= Depok Lama =

Central area in Depok City, West Java

Depok Lama (Indonesian for Old Depok) at this period is one of the regions in the City of Depok. On the other hand, Depok Lama is the region boundary between the City of Depok and Bogor Regency. Renold Joseph said, "At the Dutch periode, the majority of inhabitants in Depok Lama is those Twelve Family names that received inheritance from Cornelis Chastelein." Those Twelve Families are Bacas, Isakh, Jonathans, Jacob, Joseph, Loen, Laurens, Leander, Tholonse, Soedira, Samuel, and Zadokh. Now, one of those Twelve Families doesn't have a man generation (patrilineal culture) that is Zadokh Family. Nowadays, Depok Lama still showing the existence, because those Twelve Family having the good sensitivity with those cultural values.

Nowadays Depok Lama area lies at the center of the City of Depok.

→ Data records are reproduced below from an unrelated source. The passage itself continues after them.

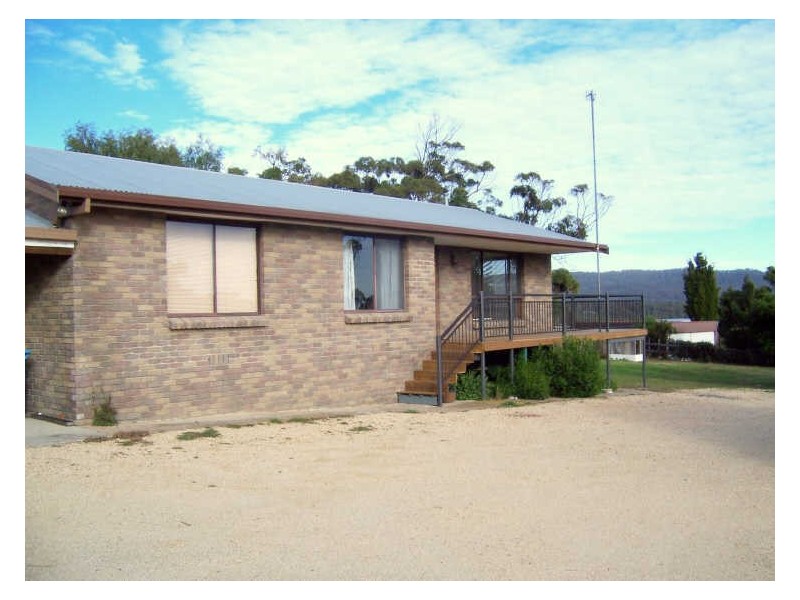 27 Pacific Drive, Binalong Bay TAS 7216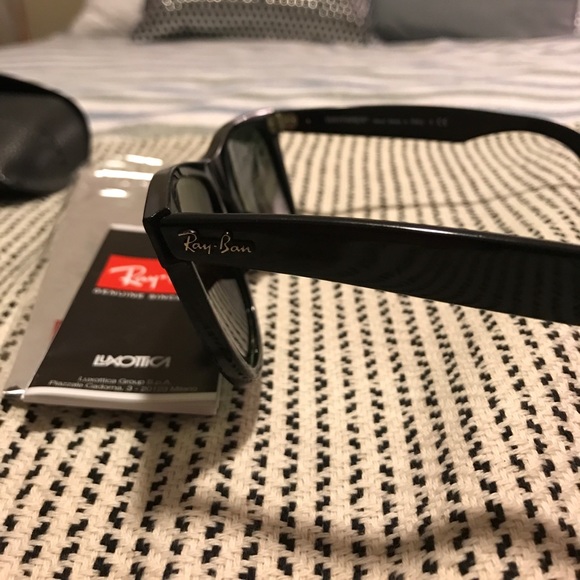 Original Wayfarer Ray-Ban sunglasses - Picture 2 of 4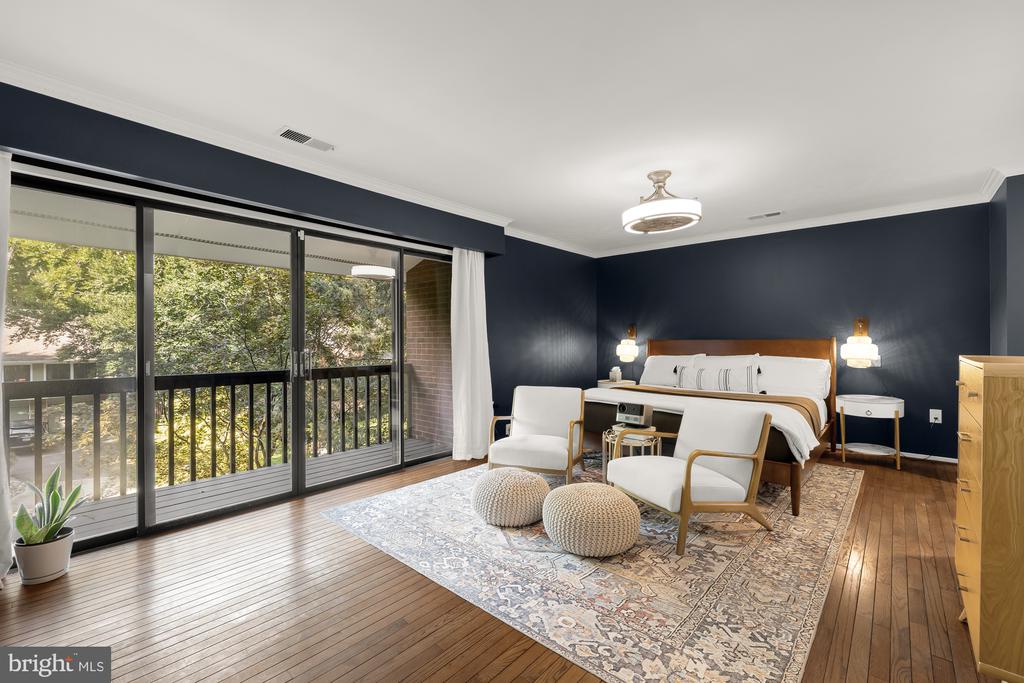 6808 CARLYNN COURT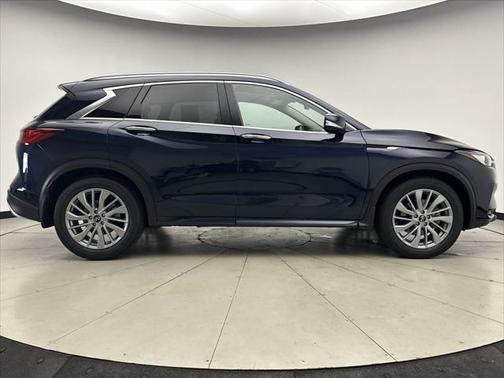 2024 INFINITI QX50 LUXE AWD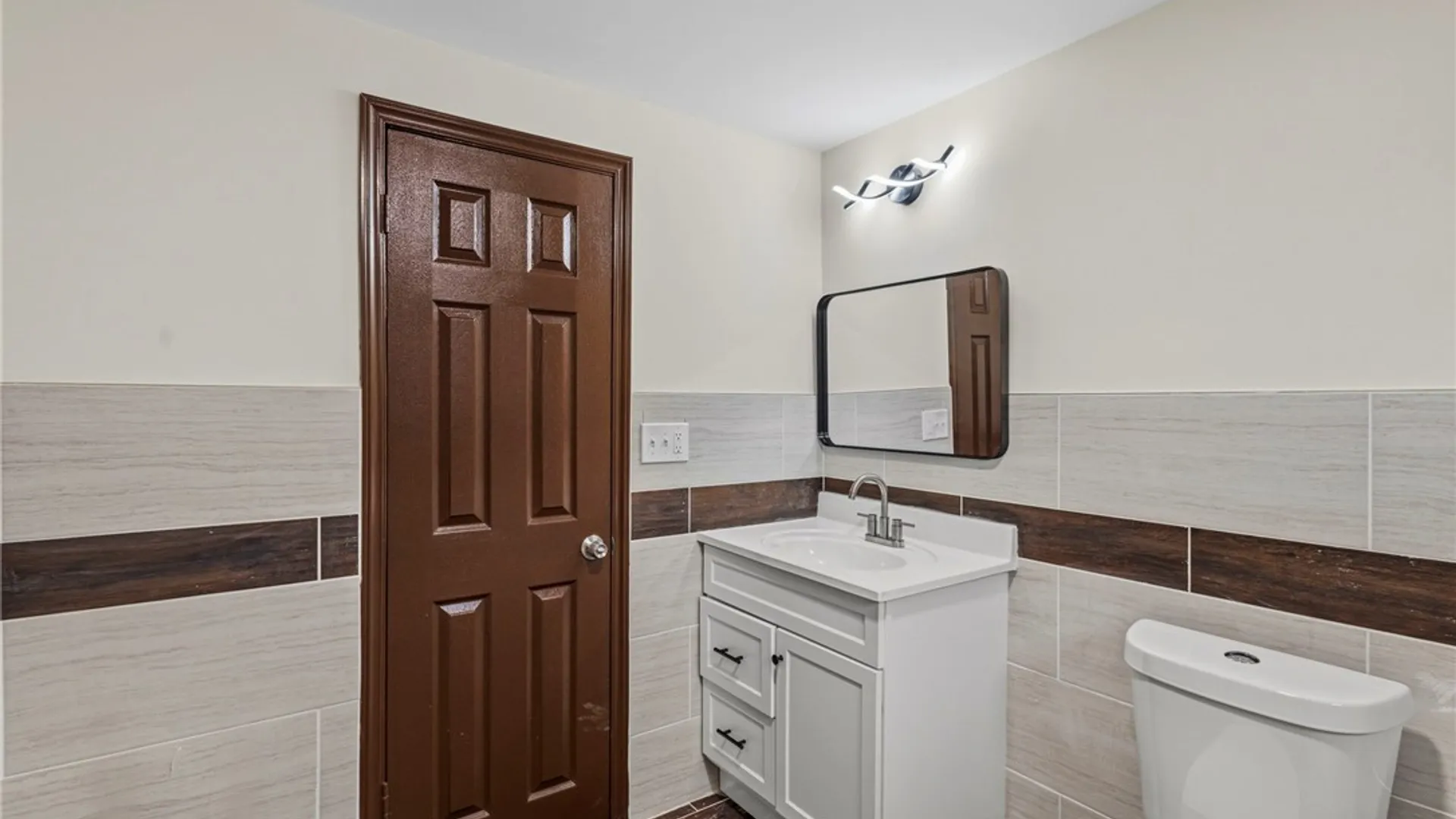 Property at 15 Dartmouth Avenue, Buffalo, NY 14215 23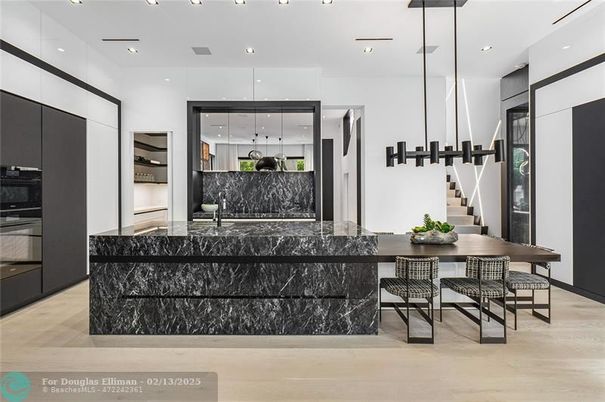 Dining room, Interior, Kitchen, Pendant Lights, Recessed Lighting, Wood Texture Flooring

75 percent of colonial buildings in Depok have been destroyed to build residences and commercial buildings. Therefore, Alqiz Lukman, Ghilman Assilmi, and Ide Nada Imandiharja created the Depok Lama Project website to preserve the history of Depok Lama digitally, which consists of audio recordings of interviews with Yayasan Lembaga Cornelis Chastelein (YLCC, Cornelis Chastelein Foundation), local elders, the descendants of Chastelein’s slaves, heritage experts, and historians as well as photographs.